# Investigate market *before* writing your story?



## PenCat (Jun 24, 2015)

What's the wisdom of checking out what the market is like _*before*_ writing one's story?

I have 3 stories/ideas in progress right now. I'm excited about them all and they seem like good stories, but what if I (or anyone) gets to the end of writing their story only to learn that the publishers aren't taking stories on that subject, or of that type?

I've heard stories about authors who eventually saw huge success after being turned down by loads of publishers..JK Rowling is one noteworthy example. I'd heard that HP was rejected by many publishers before it finally took off.

I like writing and I like my stories but in terms of trying to get published..who wants to invest all that toil only to learn that nobody would ever publish it?

thoughts?


----------



## LeeC (Jun 24, 2015)

First of all, in my research of thousands of agents and hundreds of publishers (looking for potentials to query) I can't imagine where any storyline wouldn't fit in. Keep in mind that though they might differ in what they're looking for, in most cases what they're looking for is marketability, and in a few cases what they believe exceptionally good writing.

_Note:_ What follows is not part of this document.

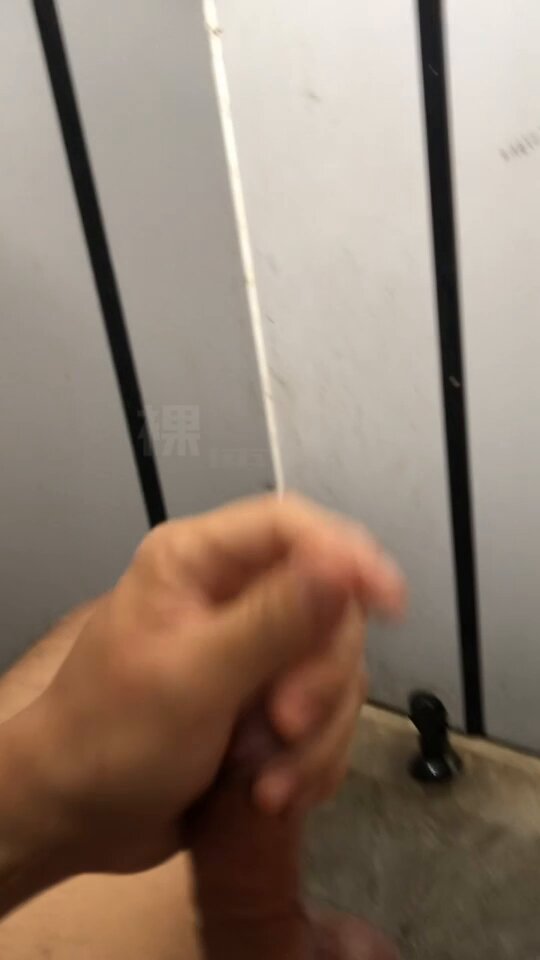在隔间有个顺丰快递小哥，我想他肯定会从洞口看到了我在自插撸撸，不管他有没看到，只要隔间有人在，激动不已！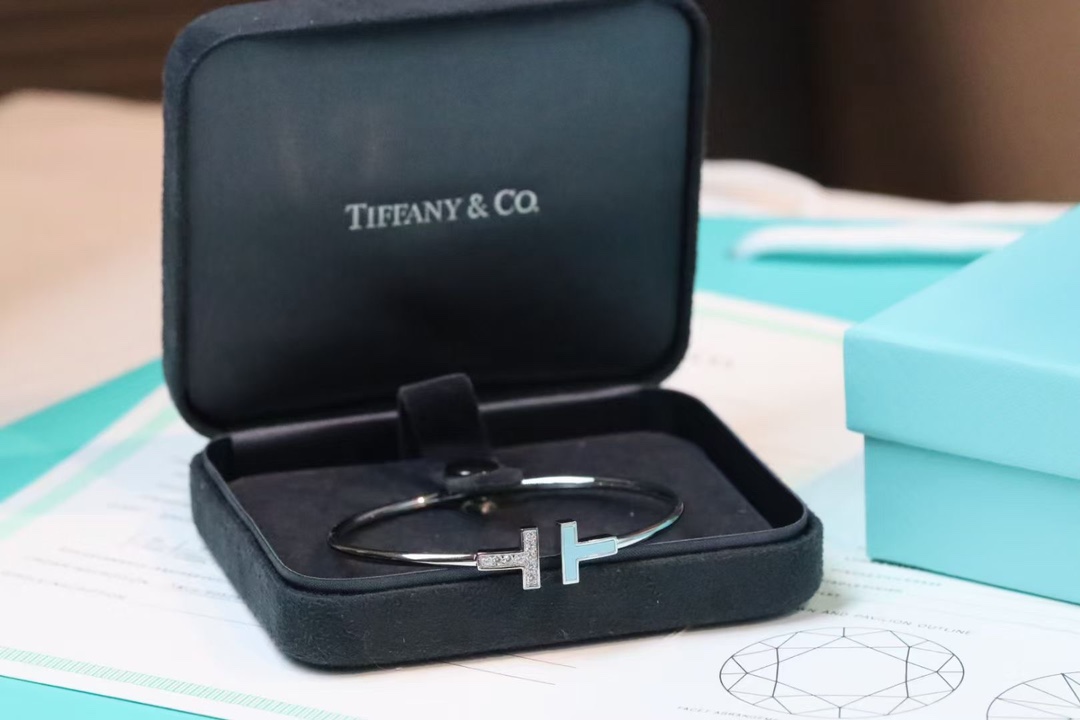 Tiffany & Co. Tiffany&Co. 绿‮石松‬伴钻双T手镯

Marketability is 95% percent of the game, and the quality of the writing is the other 5%. In other words, if it fits what the entity deals with and if they see it as marketable, the quality of the writing in their perspective is predominantly the final hurdle. 

Further it is important to research what other storylines your's might go head to head with, because it's a question they'll get around to asking (some even require such in an initial query), or in a less desirable case tell you ;-)

Best of luck


----------



## PenCat (Jun 24, 2015)

Thank you, LeeC

...and how is marketability gauged?


----------



## LeeC (Jun 24, 2015)

PenCat said:


> Thank you, LeeC
> 
> ...and how is marketability gauged?



How profitable they think it will be to them, that's pretty much the world we live in.


----------



## PenCat (Jun 24, 2015)

well, I understand what 'profitability' means and why they pursue it....can anyone say how publishers _gauge_ how profitable they think an as-yet-unpublished work might be?

thank you!


----------



## TWErvin2 (Jun 24, 2015)

What is hot now? Will it be by the time you finish your novel (first draft/revisions/editing/beta readers, etc.) and then seeking an agent or publisher directly. Depending on how fast you write...it could easily be a year or more. And then when the publisher accepts it, and the contract negotiations are done, it goes in for editing, cover design, marketing (reviewers/blurbs) all the while being placed in a future publication slot in the publisher's schedule.

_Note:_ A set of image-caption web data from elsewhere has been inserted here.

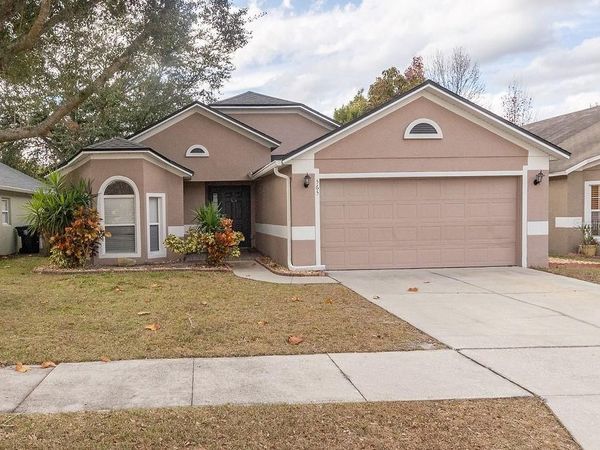 565 BLUE WATER AVENUE, ORANGE CITY, FL 32763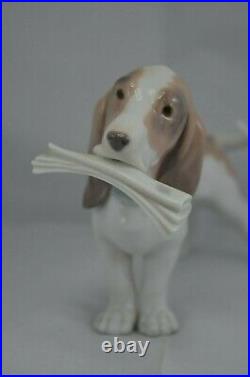 Superb Lladro Dog Morning Delivery Ref 6398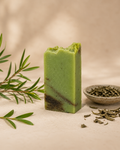 Jabón artesanal de Árbol del Té y Té Verde — Limpieza equilibrante 100 g | Salitre y Oliva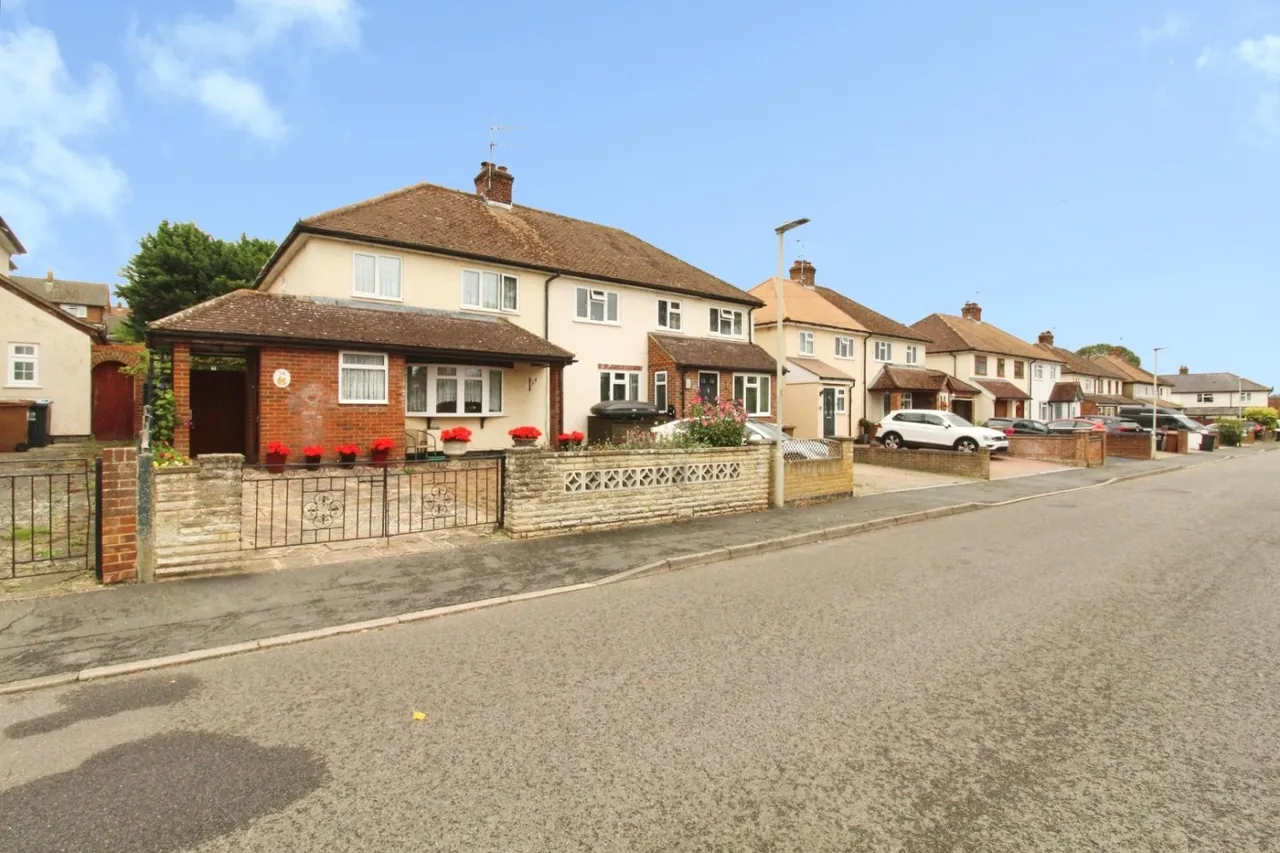 Thele Avenue, Stanstead Abbotts, SG12, photo 11
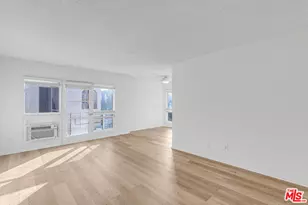 122 N Croft Ave, Los Angeles, CA 90048 - Photo 1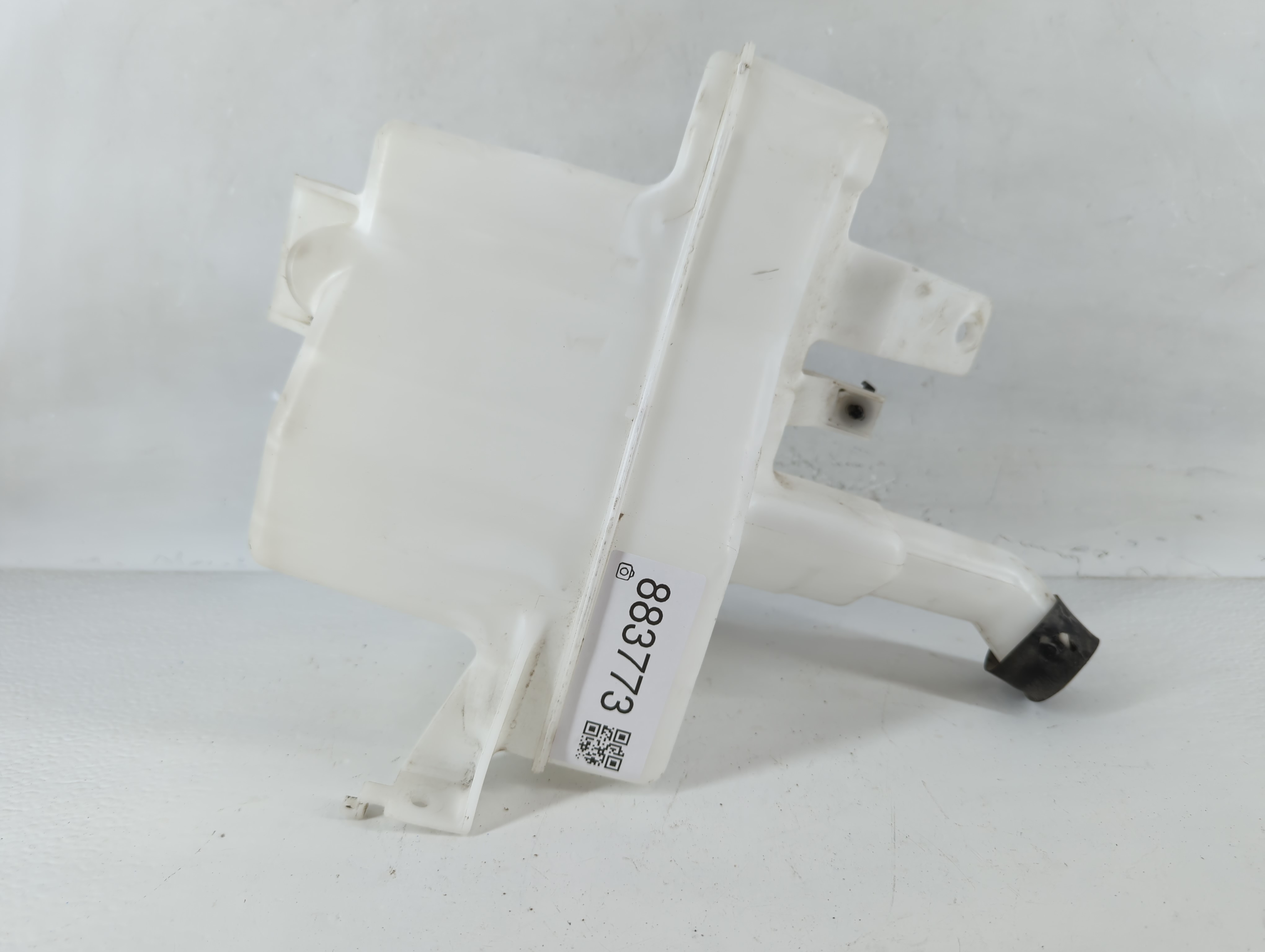 Picture of 2018-2022 Honda Accord Windshield Washer Fluid Reservoir Bottle Oem 883773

So, trying to figure out what publishers are taking/publishing now and if it matches what you intend start writing now? I am not sure that's a strategy that will avoid having publishers not interested in what you write, after it's written.

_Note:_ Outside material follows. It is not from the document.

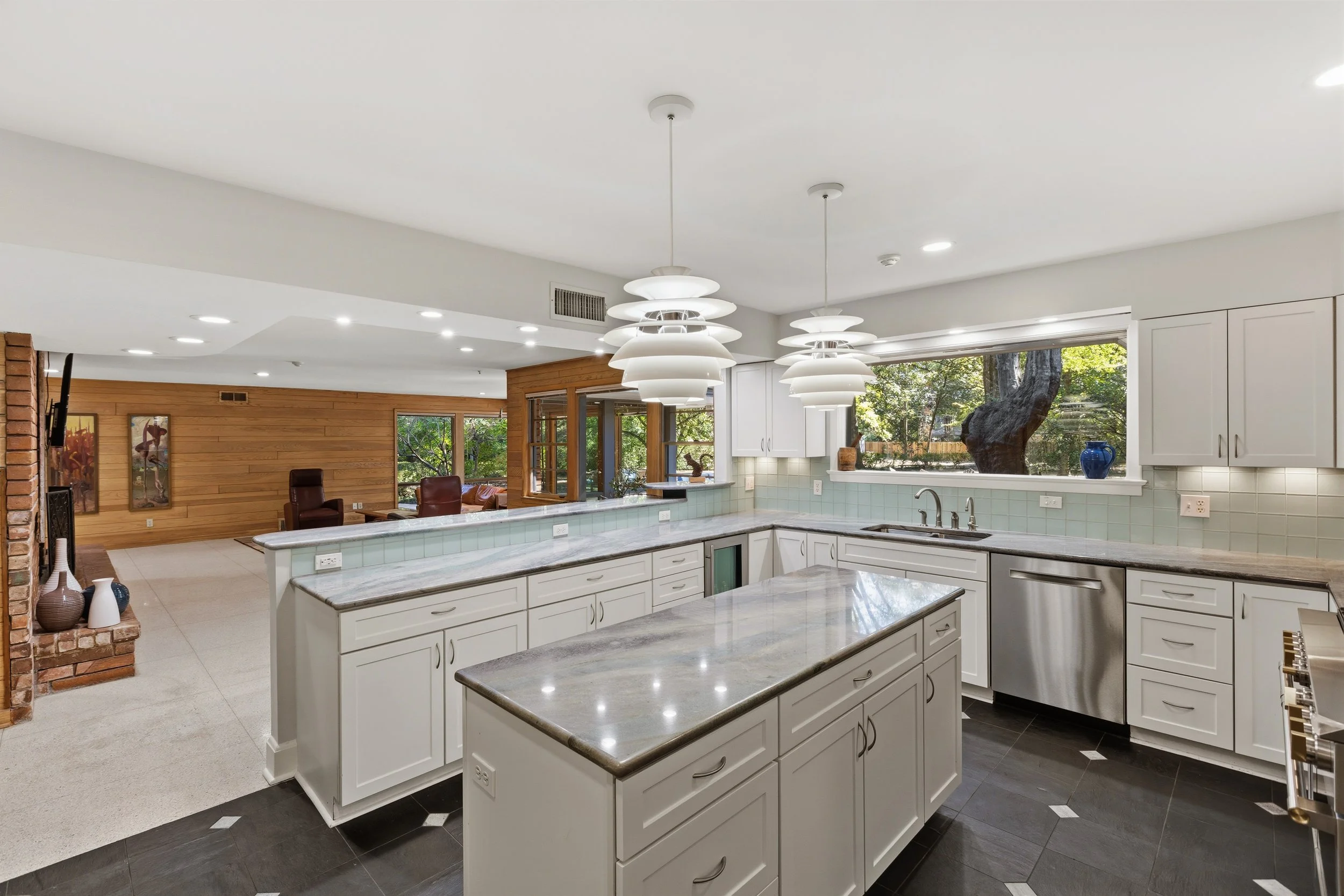 11-4455 Tall Trees Dr - 011.jpg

Some publishers are consistent in what they publish. Some do certain types of mysteries (cozy, police procedural, etc.) and some romance publishers have different types, just as some SF publishers such as Baen lean toward military SF.

If you can predict where the market will be in two years (what will be hot) and write toward that...well, that would help your chances greatly.

There is nothing wrong with writing with a particular audience in mind. But you're going to be better off writing a book that you thoroughly enjoy because you're going to be writing and reading and revising it many, many--many times before the process is over. And then, once you find a publisher, you're going to be going through edits and galley proofs--reading it again and again.

While it's not impossible, it would be much more difficult to do all of that with a novel you don't care as much about but you think will sell.

That's my two cents. Good luck with any route and story you decide upon!


----------



## Terry D (Jun 24, 2015)

There a number of resources available to find out what types of books publishers are looking for. Duotrope is one, Writer's Digest puts out their annual Writer's Market, and there are many more on-line. Read the guidelines for book publishers to see if they are looking for the sort of book you are thinking about writing. Then dig some more to find agents who represent that sort of work. This is, by no means, a sure-fire way to market your work. But it is a place to start.


----------



## David Gordon Burke (Jun 25, 2015)

This is my favorite topic of all possible topics in all possible artistic endeavours.  Do I tailor my art to the tastes of the day or do I do what I want to do and hope to find an audience for what I believe in?  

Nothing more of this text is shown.